Recent research from scientists in the UK looked at how consumer washing-machine cycles affect the release of microplastic fibers from the laundry, concluding that the greater water volumes typical of a “delicate” setting on a standard low-water machine caused far more fibers to wash into our waterways.
At the same time, European appliance manufacturer Arçelik is working on a washing machine that may remedy much of the problem. The washing machine, expected to be on the market in 2020, is designed to capture millions of fibers in laundry loads at the source, and keep them from entering marine systems and ultimately our bodies.
“The company has developed the world’s first washing machine with a built-in synthetic microfiber filtration system,” it said in a press release. “The new technology will block 90 percent of microfibers from entering the water sources, with the filtration box located in the detergent drawer filtering the water before discharge.”
Arçelik, based in Turkey, announced the new machine earlier this month at the IFA consumer electronics show in Berlin. What CEO Hakan Bulgurlu said during his keynote address also reflects a new direction in industry thinking that’s as innovative as machines that may make laundry chores more ecofriendly.
“What you call climate change today I call climate catastrophe,” said Bulgurlu, “because I don’t think you can change the planet like you can change a pair of jackets or shirt.” A few minutes later, he told his audience that in a crowd of 300 to 400, it’s likely some 60 percent were wearing synthetic fibers derived from oil. Millions of fibers are shed in the laundry, as numerous researchers have found, but governments and utilities often don’t have the technology to capture them.

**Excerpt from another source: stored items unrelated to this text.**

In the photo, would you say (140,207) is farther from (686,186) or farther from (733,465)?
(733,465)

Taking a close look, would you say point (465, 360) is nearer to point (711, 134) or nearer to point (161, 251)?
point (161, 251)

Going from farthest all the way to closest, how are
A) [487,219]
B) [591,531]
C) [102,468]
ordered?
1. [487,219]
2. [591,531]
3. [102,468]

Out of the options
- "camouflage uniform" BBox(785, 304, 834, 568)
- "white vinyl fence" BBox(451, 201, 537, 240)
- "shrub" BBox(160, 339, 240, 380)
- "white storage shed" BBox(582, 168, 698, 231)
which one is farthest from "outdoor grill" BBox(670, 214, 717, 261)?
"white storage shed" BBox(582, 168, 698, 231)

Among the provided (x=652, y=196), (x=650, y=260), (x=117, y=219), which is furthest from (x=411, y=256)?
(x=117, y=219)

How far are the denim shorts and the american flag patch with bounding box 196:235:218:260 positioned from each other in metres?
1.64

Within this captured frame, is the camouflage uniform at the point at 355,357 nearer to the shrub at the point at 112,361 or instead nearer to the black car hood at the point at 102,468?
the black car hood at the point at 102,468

For Arçelik, with a presence in more than 146 countries, that means an opportunity for impact. When the CEO unveiled the water-filtering washer at IFA, though, he had a surprise announcement for the competition: Instead of guarding its corporate secrets, Arçelik wants to share the washer technology and expertise to benefit humanity.
Bulgurlu said while many in the industry think the plastic microfibers are the textile sector’s problem or fast fashion’s issue to address, he doesn’t see it that way. “Guess what? If we are in a position to do something about it, we have to do something about it.”
So while acknowledging the significant investment in Arçelik’s own R&D – the company has 1,500 engineers and a 25-year record – Bulgurlu asked the appliance industry to join him and said the company was ready to share the tech with anyone who wants to use it.
“I invite and challenge our competition (to) use this innovation anyway they wish,” he said. Companies, universities and NGOs all are welcome to ensure the laundry filter becomes widely used across the globe.